Anyway, you can see that there is a lot of satire, a lot of world building, and I think room for some character studies of the couple dealing with their "failure" and with world's reaction to it.
- Superplants can perform photsynthesis with about 20% efficiency as opposed to the 1% or less of most natural plantss. These contain all the protein, carbs and fats and most of the micronutrients as well humans need, and also provide sugars suitable to make alcohol fuel from. A very bad point is that these grow so much well that they have displaced all other plant life on land and sea. Humans continue to grow a few fruits and vegtables in air conditioned greenhouses as luxury foods.Less than a few hundred species of insects and animals who can live on this grass survive on land, and less than a dozen specieis of fish survive in the sea. Also, only the more efficient photosynthesis of these super crops which remove far more carbon from the air than plants could allows humanity to survive. Otherwise all of earth would be unlivable instead of only 30%
Wow! That's...a lot! Totally fascinating notions, though.

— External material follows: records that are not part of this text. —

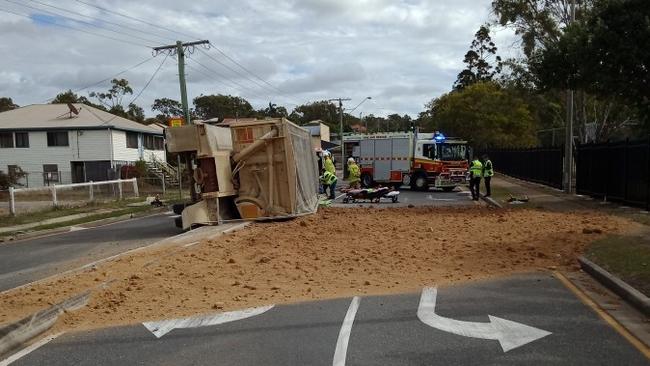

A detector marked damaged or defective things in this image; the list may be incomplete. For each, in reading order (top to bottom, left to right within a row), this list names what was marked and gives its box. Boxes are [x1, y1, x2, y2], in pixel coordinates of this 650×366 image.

overturned truck [165, 118, 318, 230]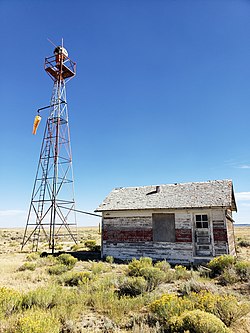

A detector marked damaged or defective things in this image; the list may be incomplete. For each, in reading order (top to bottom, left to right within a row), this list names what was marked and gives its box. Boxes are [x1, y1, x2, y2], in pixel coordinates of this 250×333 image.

rusty windmill tower [22, 44, 77, 252]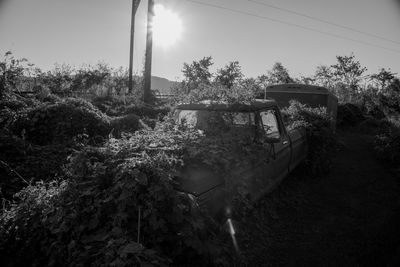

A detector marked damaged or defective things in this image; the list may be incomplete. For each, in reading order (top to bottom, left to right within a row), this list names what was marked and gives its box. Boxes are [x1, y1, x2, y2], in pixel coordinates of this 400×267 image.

abandoned pickup truck [172, 100, 306, 222]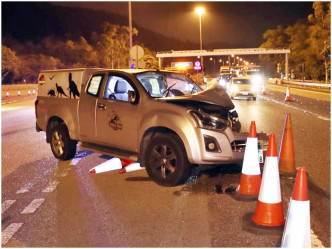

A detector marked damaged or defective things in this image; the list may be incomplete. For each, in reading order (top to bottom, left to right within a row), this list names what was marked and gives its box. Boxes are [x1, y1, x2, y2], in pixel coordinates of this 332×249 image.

crumpled hood [160, 88, 235, 110]
damaged pickup truck [34, 69, 268, 186]
shattered headlight [189, 110, 228, 131]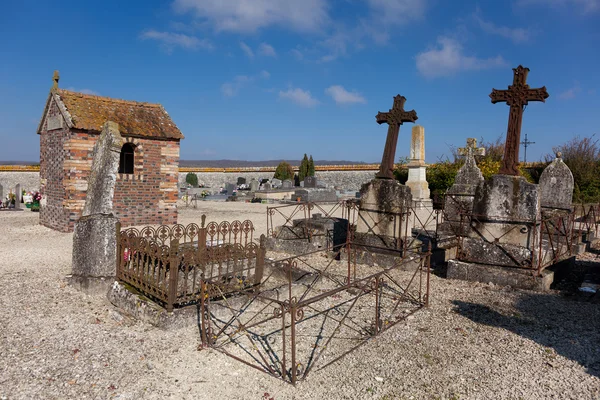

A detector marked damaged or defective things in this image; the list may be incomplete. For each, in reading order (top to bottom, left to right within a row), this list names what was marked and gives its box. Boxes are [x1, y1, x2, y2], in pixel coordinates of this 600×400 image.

rusty iron fence [116, 216, 264, 312]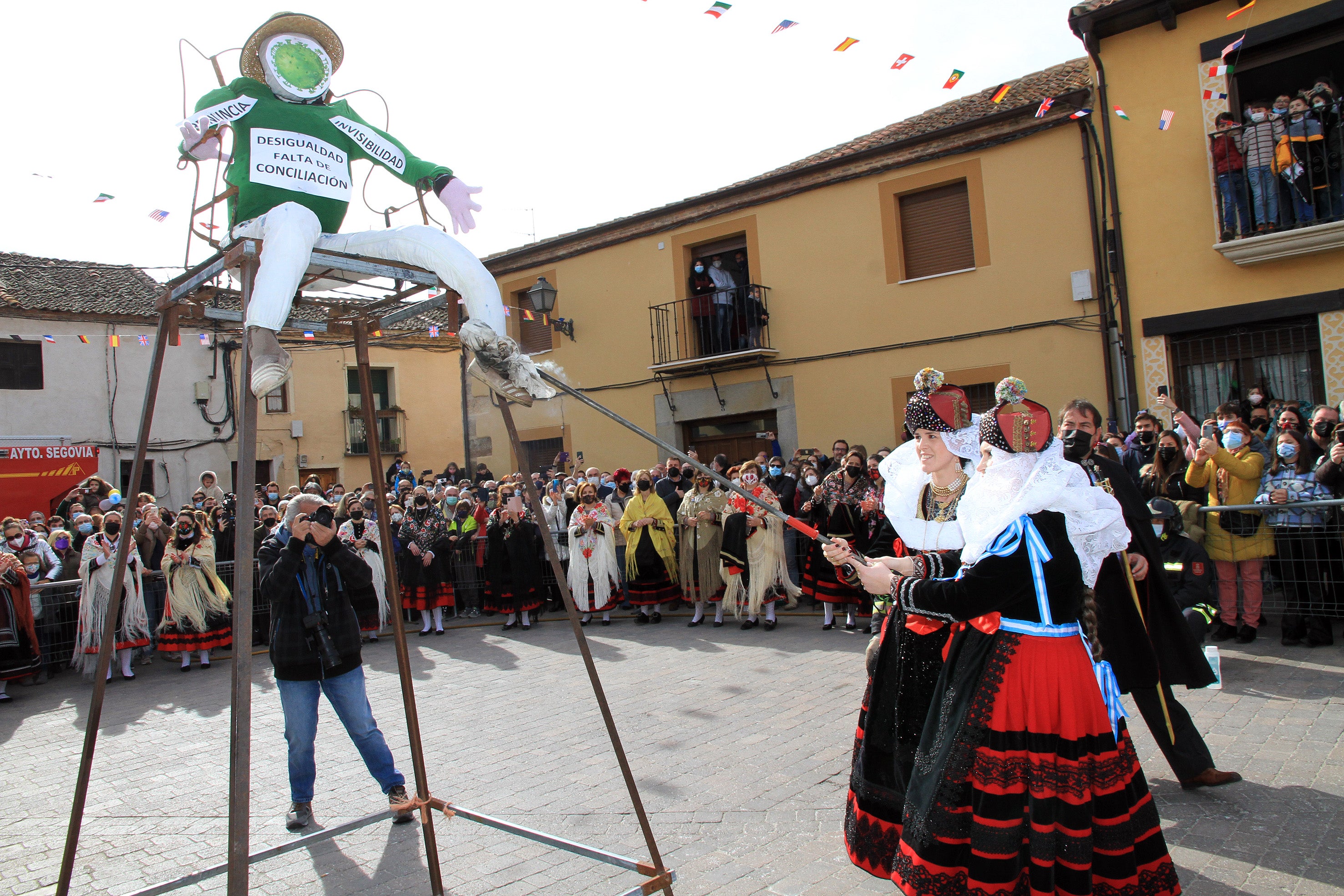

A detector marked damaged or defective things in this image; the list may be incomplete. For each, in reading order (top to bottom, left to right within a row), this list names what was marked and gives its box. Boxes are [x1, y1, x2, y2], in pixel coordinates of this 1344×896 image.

rusty metal pole [53, 311, 174, 892]
rusty metal pole [223, 248, 257, 896]
rusty metal pole [352, 318, 446, 892]
rusty metal pole [497, 403, 672, 896]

...most of humankinds cultural hertigage has been copyrighted by another civilization...
LOVE this.
Economically they just scrape by. They hoped to return rich from compound interest, but period bank failures took care of that. There is now a regular cycle of bank failure and bailout...plus at a legal age of 105 they are among the few people on earth to qualify for full payments under reformed social security. That money. plus jobs as servers in a luxury restaurant that features human staff instead of automation to attract wealthy customers lets them scrape by.
Your subconscious is even more cynical than me!
And seriously, this level of detail makes my, "then I was going to go on stage, but I didn't know the words to the song" (which I had before Williow!) seem a little inadequate. What's the secret to such lucid dreaming?